Put simply, the Knicks have fallen about as far as a franchise can fall. They are a complete joke and nothing the organization does or says can be currently taken seriously. The Knicks need a legitimate savior that is sharp, in his prime and excellent in every sense of the word. Donnie Walsh is the wrong person for a very wrong franchise. Maybe that just makes him the right choice.
Posted by David Martorano at 4/3/2008 7:07:00 AM
|Paul for MVP
|Many have been debating whether Chris Paul, LeBron James or Kobe Bryant deserve the 2007-08 NBA MVP award, but not only am I here to declare the winner, I’m here to say there really shouldn’t even be a debate to begin with.

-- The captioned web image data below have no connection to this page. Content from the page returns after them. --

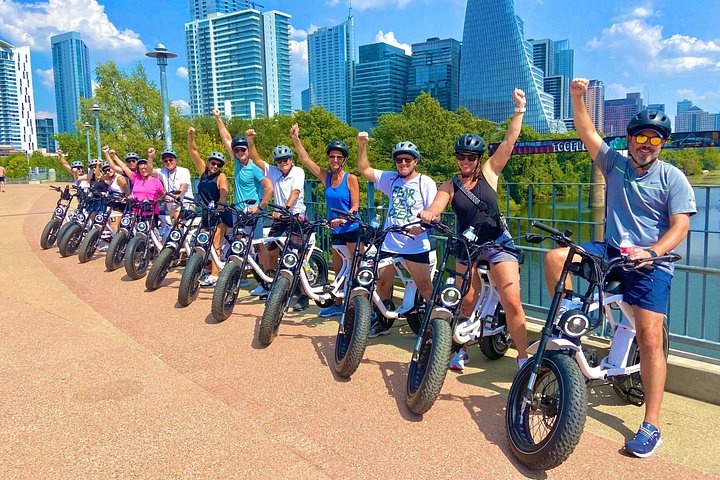 Austin Good Vibes E-Bike Tours | wizardtrip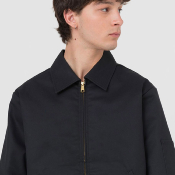 DICKIES - LINED EISEINHOWER JACKET REC - Black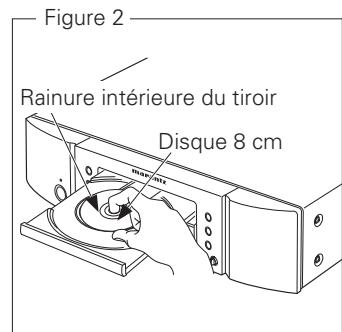 MARANTZ CD5004, 5004 - Chargement des disques - 2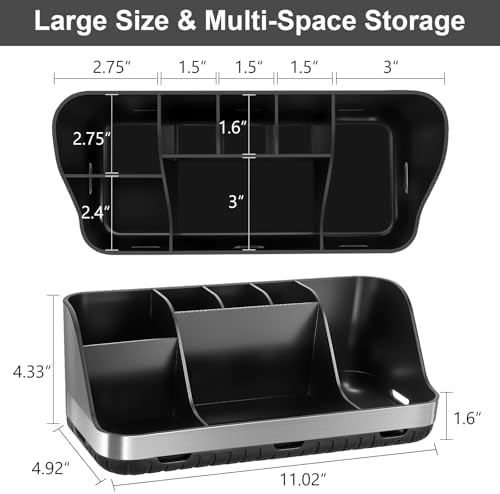 GFWARE Black Toothbrush Holder - Image 7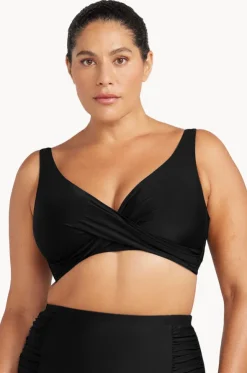 Plains Delacroix Cross Front Bra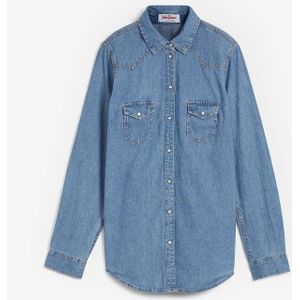 Spijkerblouse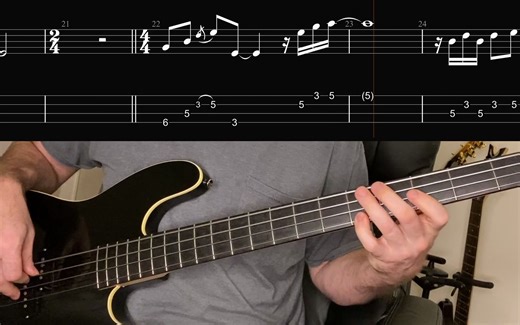 Bob Marley - I Shot the Sheriff (Bass Line w_ Tabs and Standard Notation)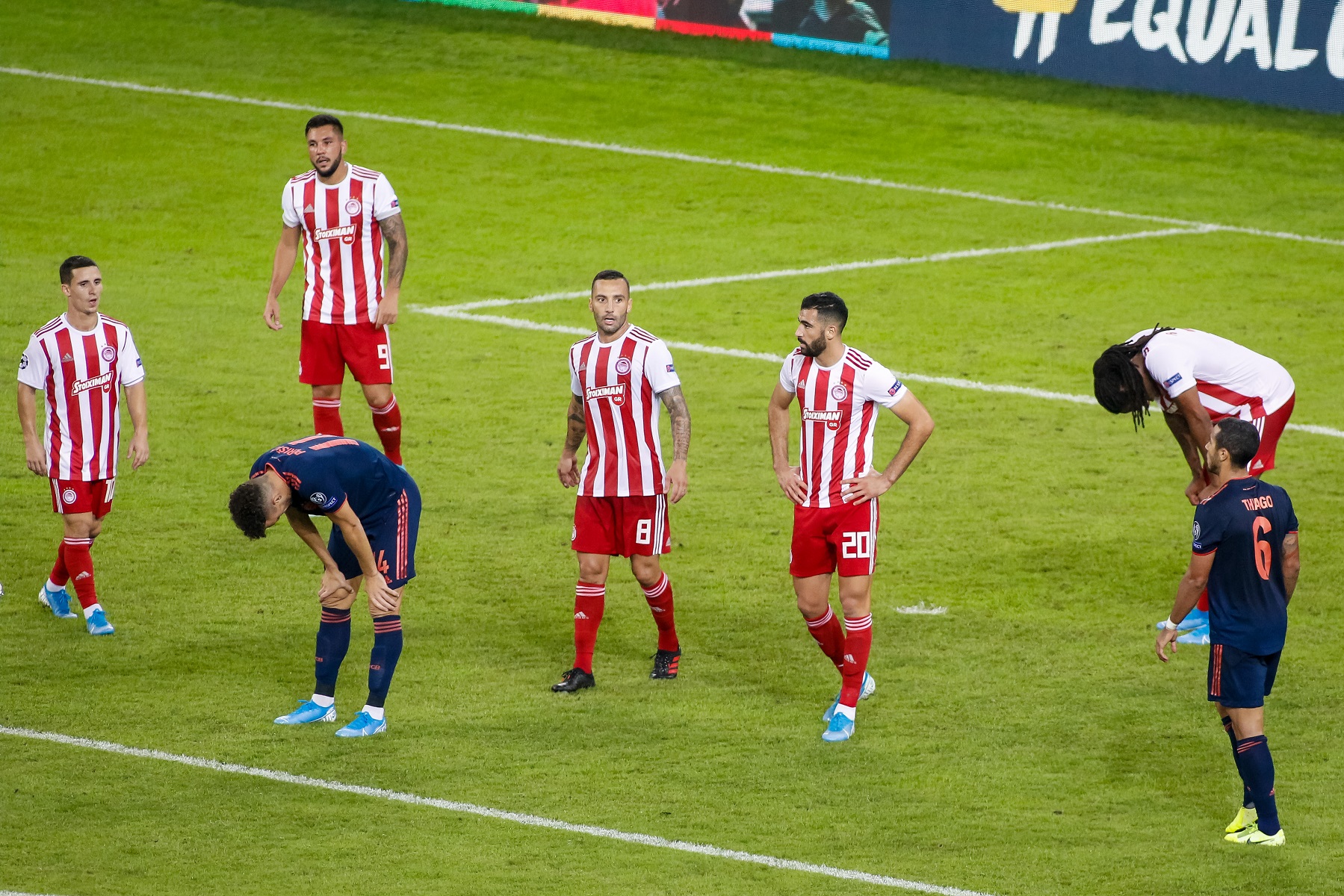 Ο Ολυμπιακός αλλάζει ποδοσφαιρικό επίπεδο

When all is said and done, LeBron James will be viewed as one of the two or three best players in the history of the league. His line this season – 30.4 ppg, 8.1 rpg, 7.3 apg, 1.8 spg, 1.0 bpg, 48.4 FG% - is downright fantastic and would be worthy of MVP honors in most other NBA seasons. However, his team currently sits 17.5 games out of first place in an inferior Eastern Conference, good for fourth place. He also commits 3.4 turnovers per game and shoots just 71 percent from the line.
If my life depended on someone scoring during one final possession, Kobe Bryant would be my choice with the ball in his hands. The fact he’s yet to win a single MVP award is nothing short of a travesty, and his 2007-08 campaign has been one of his most impressive yet. Still, take him away from this current Lakers squad, and they’re still a playoff team, likely in the top-4 in the East.

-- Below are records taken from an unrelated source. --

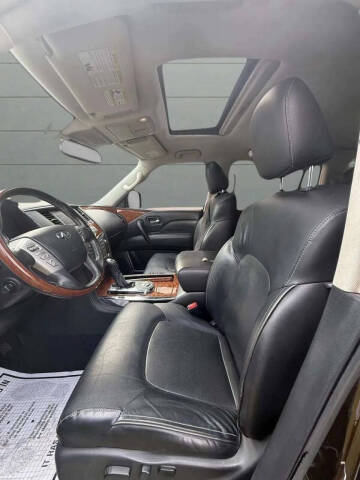 2019 Infiniti QX80 Luxe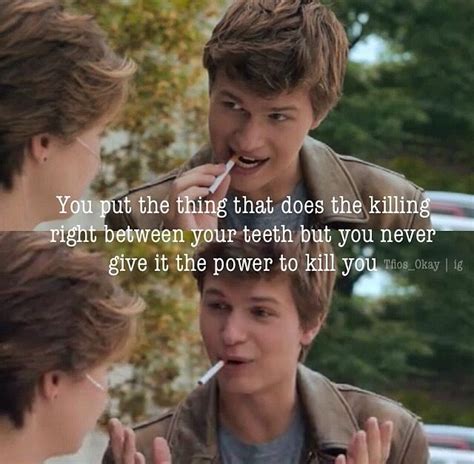 By Its A Metaphor Augustus Waters Quotes. QuotesGram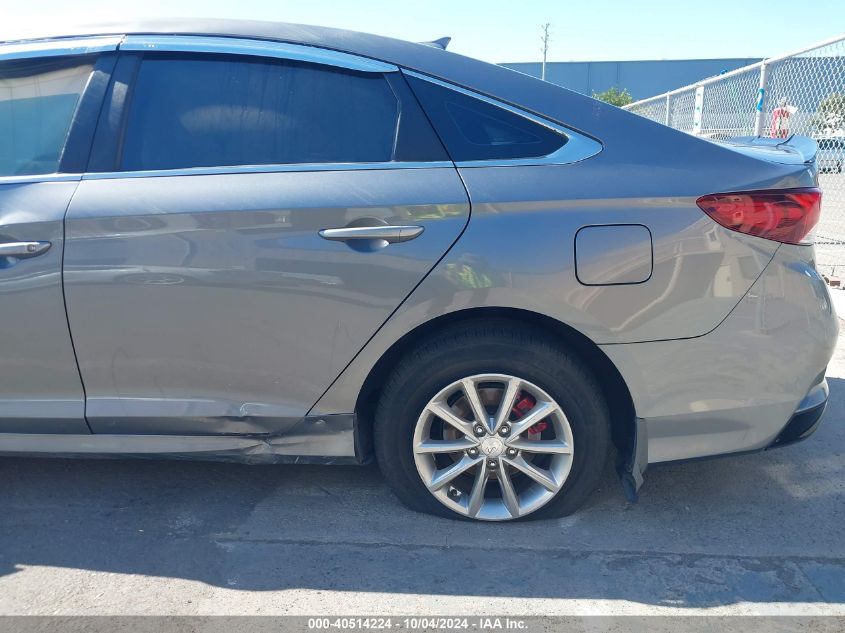 5NPE24AF9KH776207 2019 Hyundai Sonata Se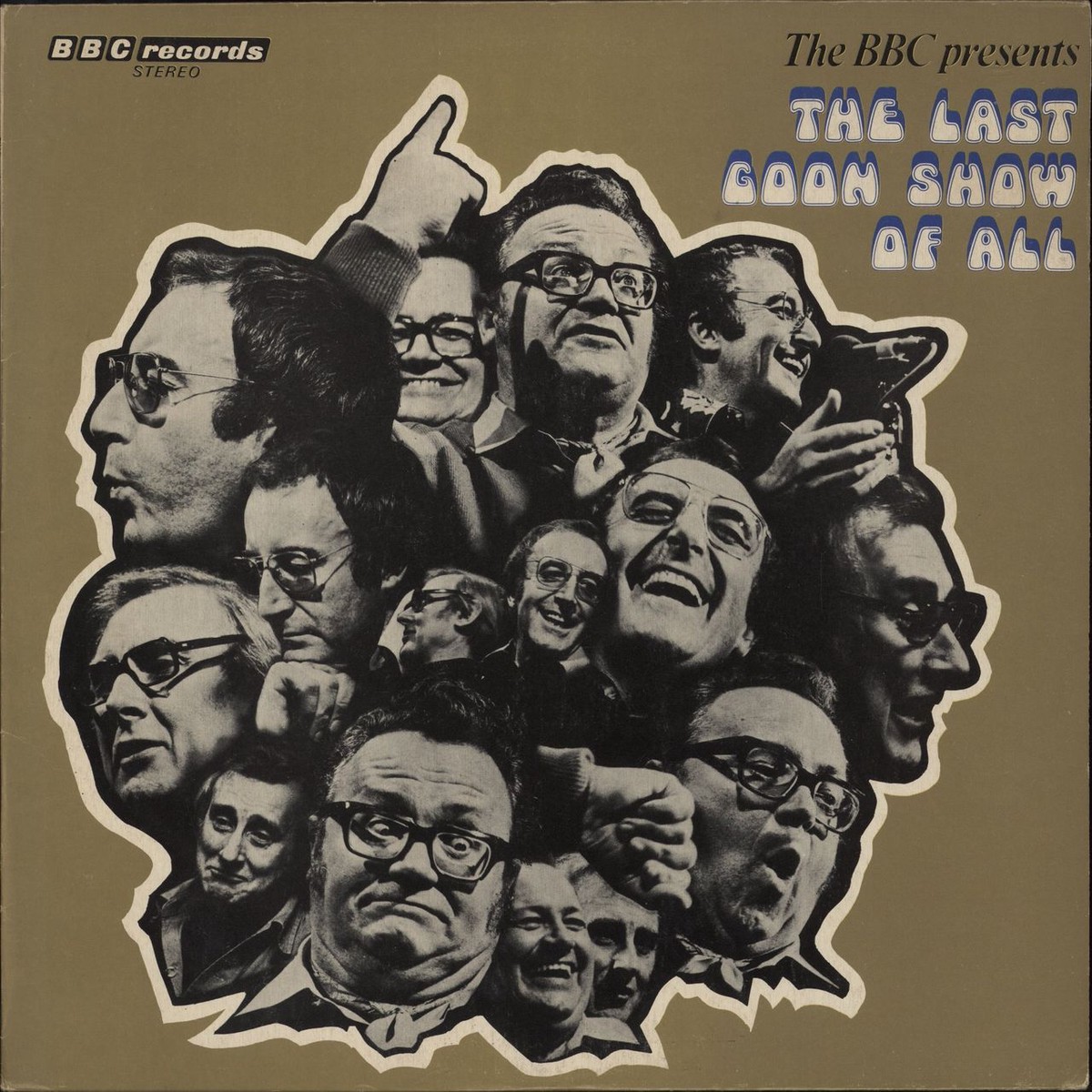 The Goons The Last Goon Show Of All UK Vinyl LP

Paul, meanwhile, is simply having the best season at his position in the history of the NBA. His 4.56/1 assist/turnover ratio is flat-out amazing. To put that in perspective, during John Stockton’s NBA-record 1989-90 season in which he handed out 14.5 assists per game, his ratio was 4.15/1. Paul’s not just the best passer in the league, but he’s also the game’s best perimeter defender, evidenced by his league-leading 2.7 steals per game. Here are Paul’s averages from 15 games in the month of March: 24.0 points, 13.3 assists, 2.7 steals, 1.5 3-pointers on 55.3 percent shooting from the field. The guy made 46.0 percent of his three-point attempts!

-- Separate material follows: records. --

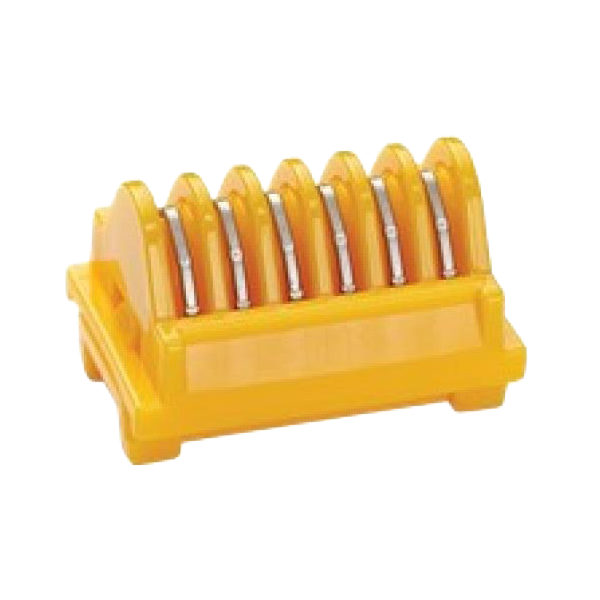 Ligaclip kassett titan gul large LT400 18x6 /pk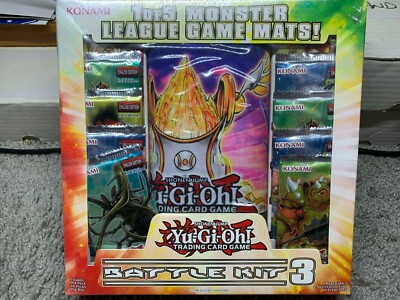 yugioh Battle Pack 3 Monster League Battle Kit 3 Box FACTORY SEALED!!-image
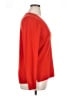 Ann Taylor 100% Cashmere Red Cashmere Pullover Sweater Size XL - photo 4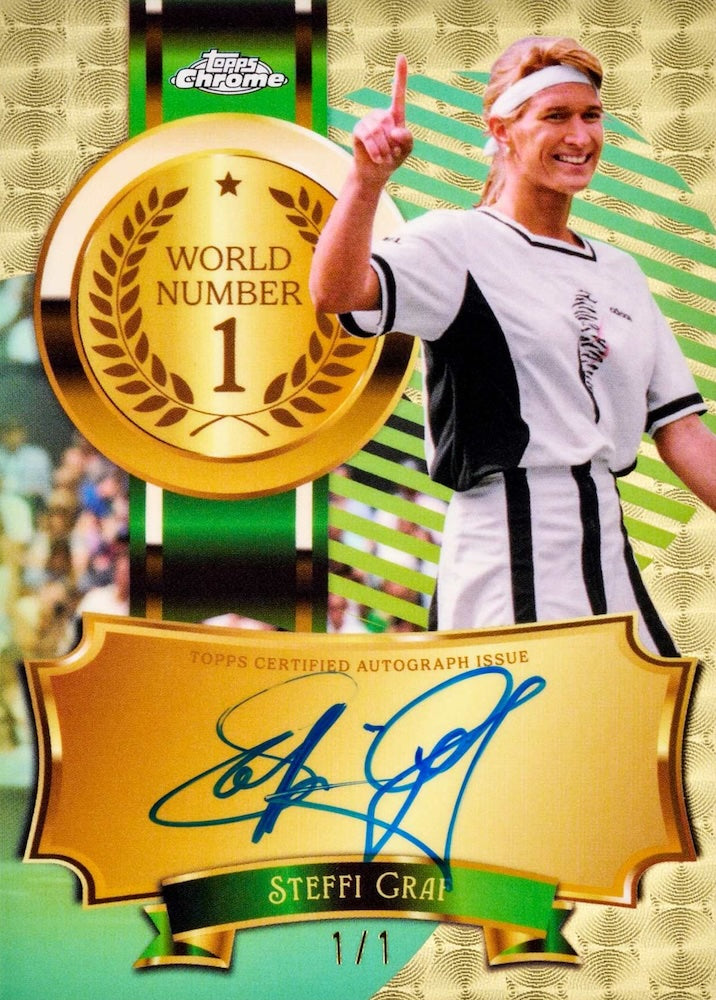 2026 Topps Chrome Tennis Value Box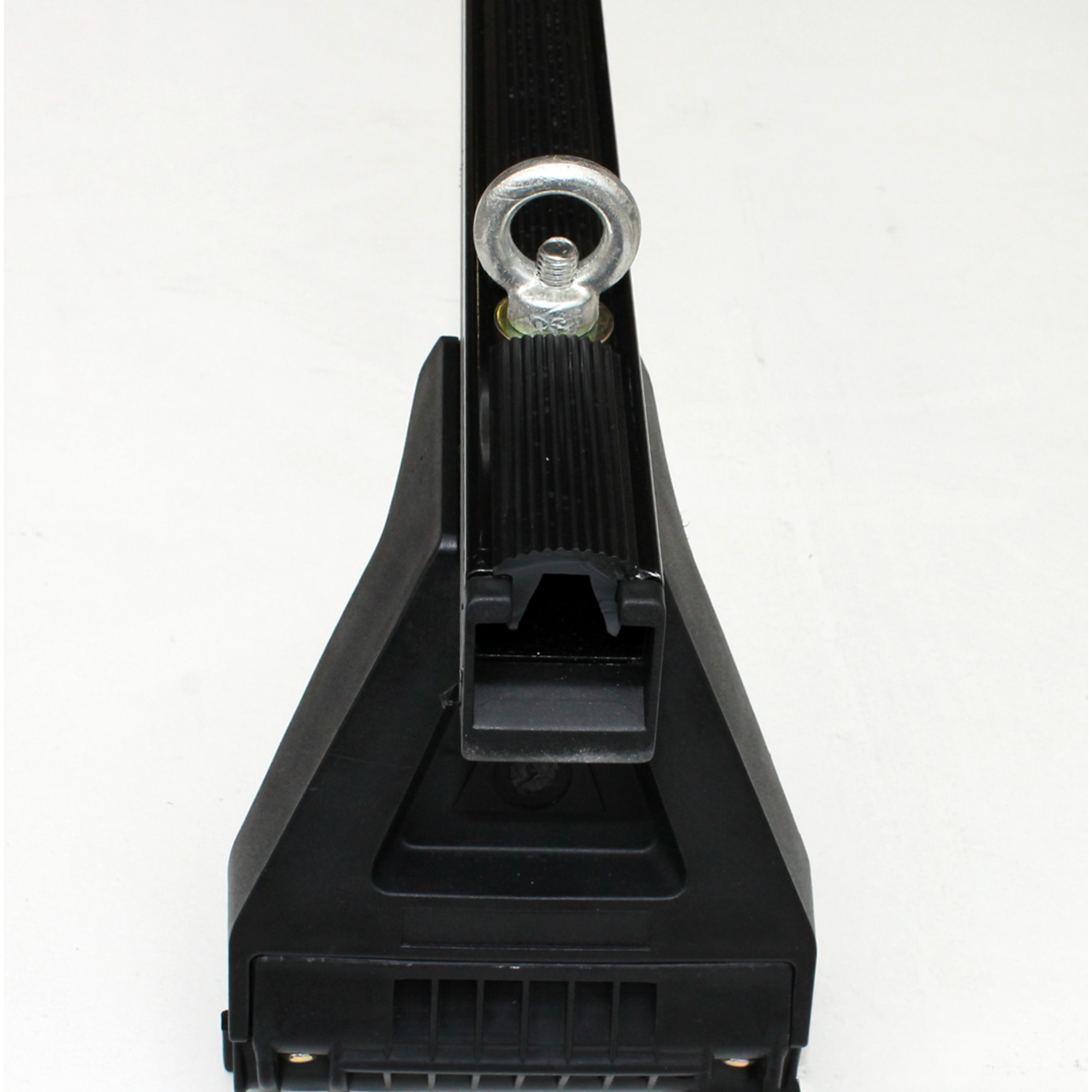 Black Heavy Duty Roof Racks For Gutter Rail Mount Vehicles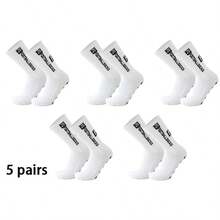 1/3/4/5/6/8/10/Medium-Sized Professional Cycling, Running, Basketball, Football Socks, Football Socks, Medium-Sized Training Socks Suitable For Football Matches, Specially Designed For Football Players 2/6/8/12 - Multicolor - View 17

David West is a good player, but with Morris Peterson, Peja Stojakovic and Tyson Chandler rounding out the starting five, it’s simply incredible Paul has the Hornets currently leading the Western Conference. In the history of the league, only one team won 44 games and failed to make the playoffs; the current Western Conference features a Denver Nugget team that is on pace to finish with 50 wins and yet out of the postseason. In short, during the most competitive season in NBA history, Paul’s efficiency, defense and ability to take control of a game has led an otherwise moribund franchise to the top of the standings. Paul has been the NBA’s most valuable player this season.